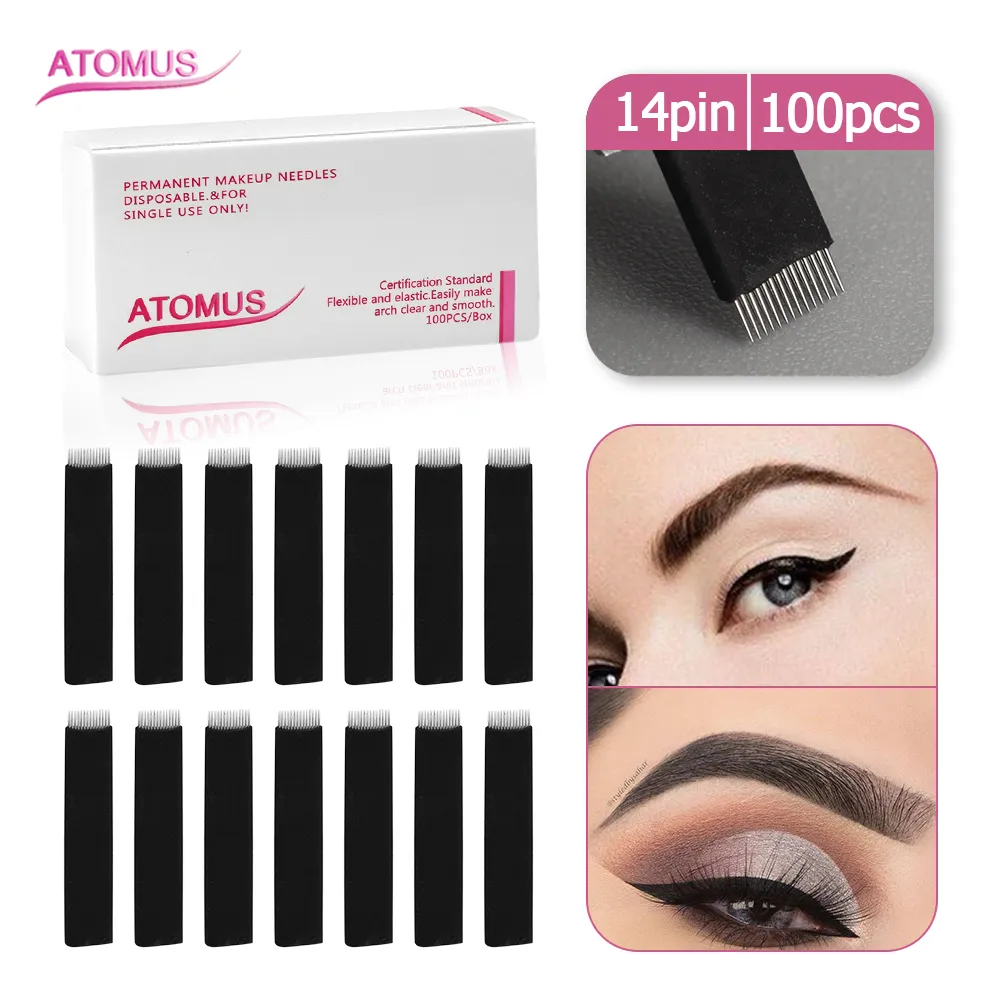 100pcs 14Pin Needles Pre Sterile Eyebrow Tattoo Tool Permanent Makeup Supply Eye Brow Disposal Medical Grade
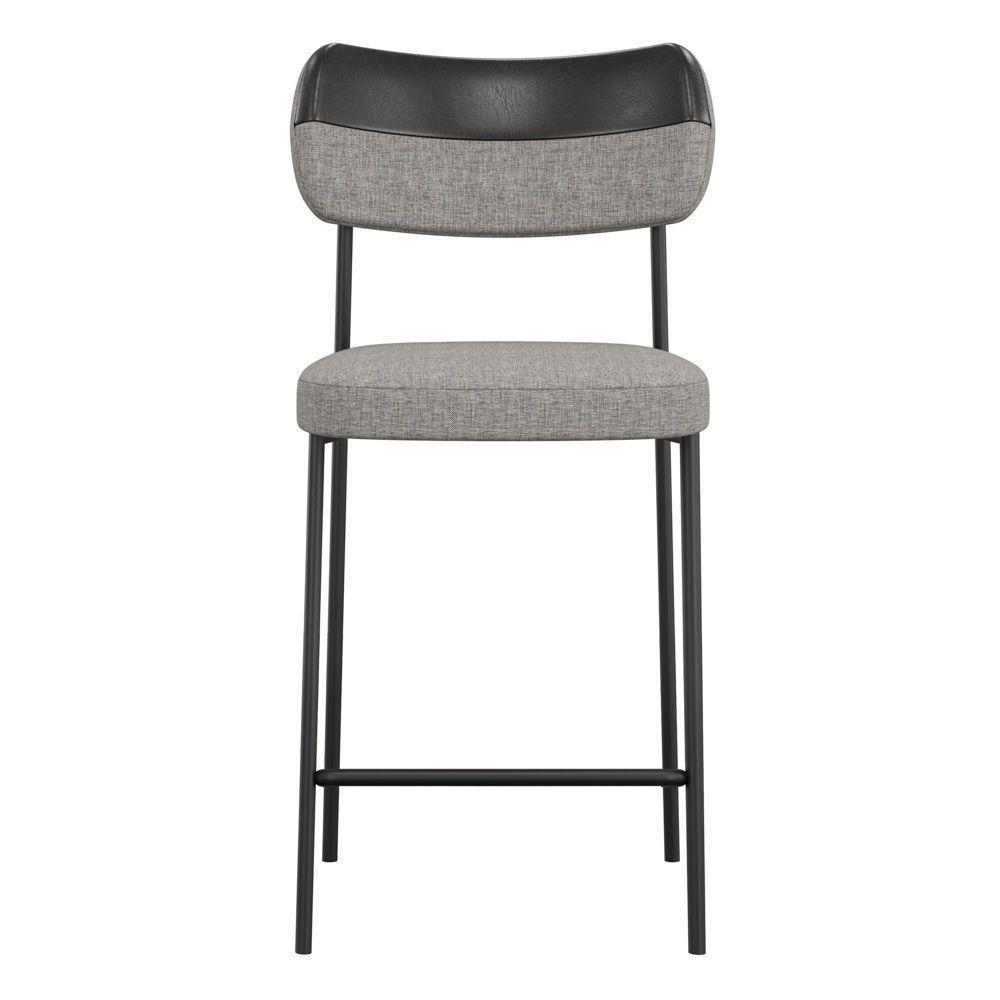 Kit 04 Banquetas Médias Cozinha Lila Com Encosto Couríssimo Preto Linho Cinza - Abmaza - 3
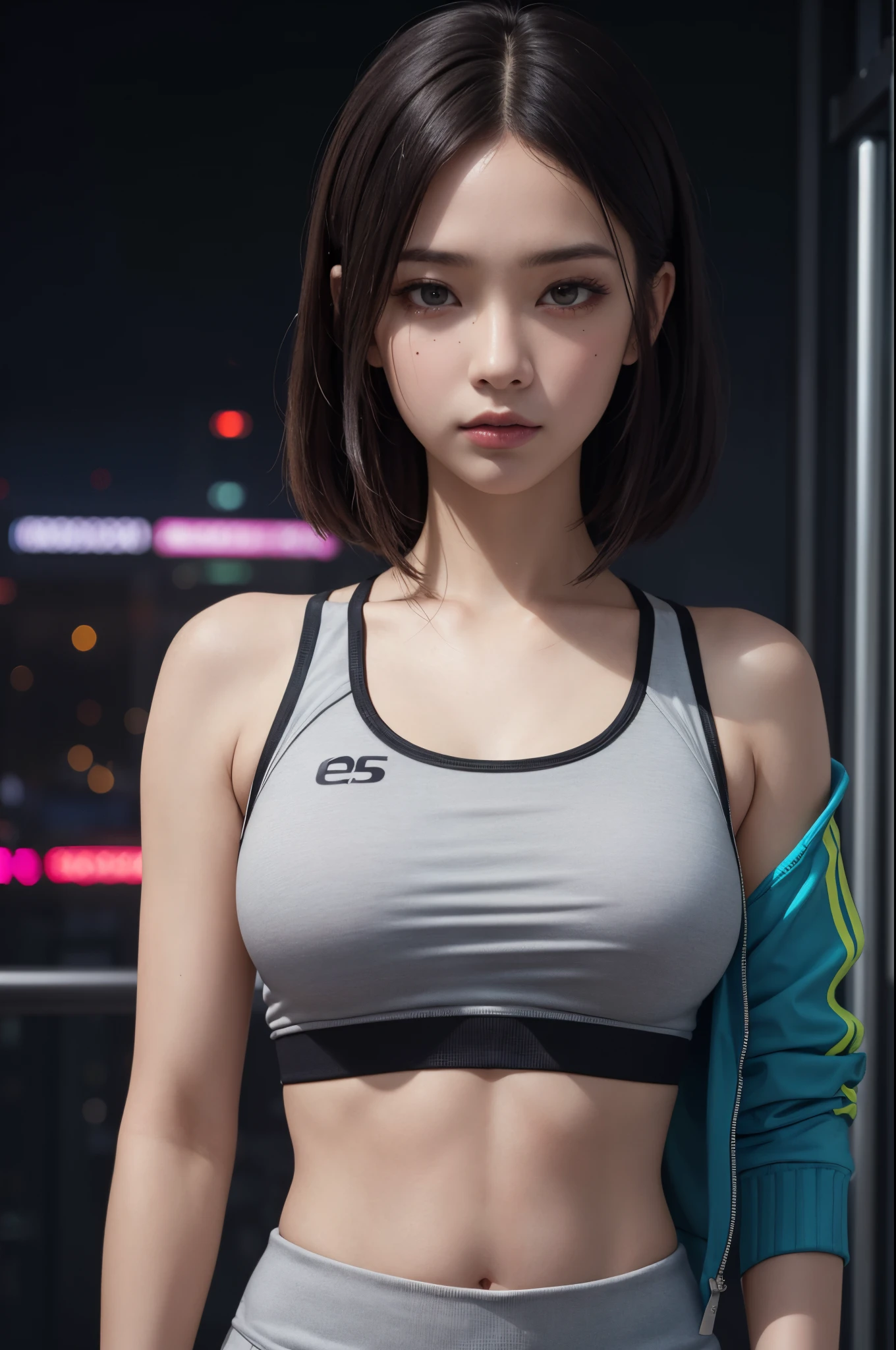 Sports Bra, sports jacket, Sweatpants, , (cyberpunk setting: 1.2), makeup,, (1 girl: 1.4), Best Quality, masutepiece, (reality: 1.2), Young Woman, Lady, Detailed face, Detailed eyes, detailed hairs, Detailed skin, Looking at Viewer, Dramatic, Vibrant, Sharp Focus, 50 millimeters, F1.2, EOS R8, (3/4 body: 1.2), Standing, (Complex background: 1.6), (Best Quality Detail: 1.2), 8K HD,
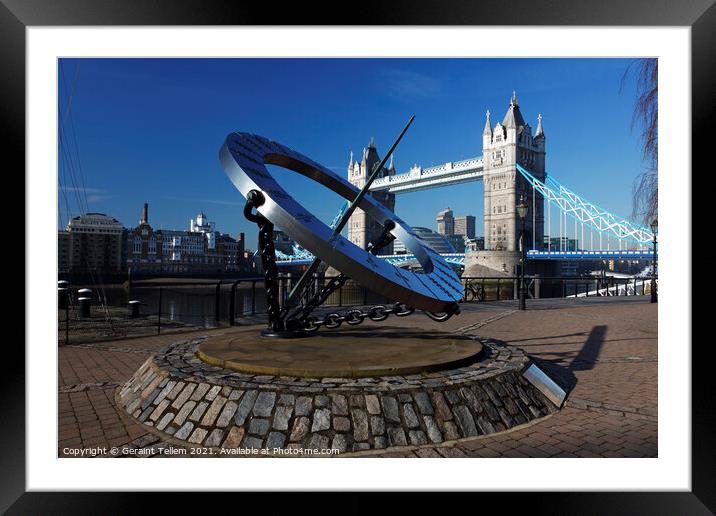 Sundial and Tower Bridge, London, England, UK Framed Mounted Print by Geraint Tellem ARPS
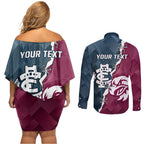 Personalised NRL Eagles and AFL Blues Couples Matching Off Shoulder Short Dress and Long Sleeve Button Shirt Dynamic Style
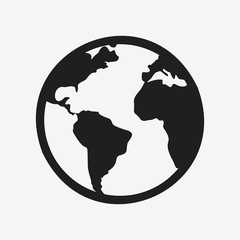 Earth Globe simple icon. Vector
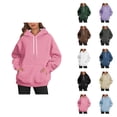 thumbnail image 1 of Plain Hoodies for Women Solid Color Fashion Hooded Sweatshirt with Pockets Hoody Top, 1 of 4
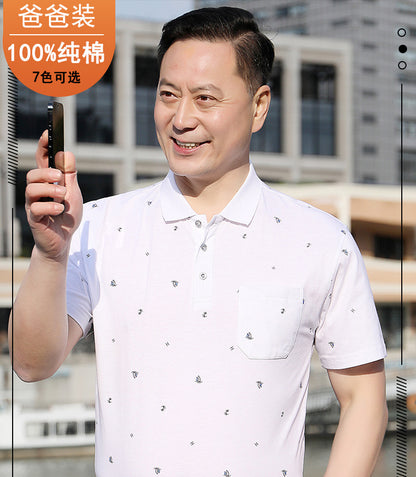 Middle-aged Men's Cotton Short-sleeved T-shirt Lapel Pocket Summer Middle-aged and Elderly plus size Half-sleeved Dad T-shirt Father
========
• What to produce: Leave out the pictures and repeat exactly the lines from the one containing "thumbnail image 1" through the last line of the entries.

• Task solution:
 thumbnail image 1 of Plain Hoodies for Women Solid Color Fashion Hooded Sweatshirt with Pockets Hoody Top, 1 of 4
 Middle-aged Men's Cotton Short-sleeved T-shirt Lapel Pocket Summer Middle-aged and Elderly plus size Half-sleeved Dad T-shirt Father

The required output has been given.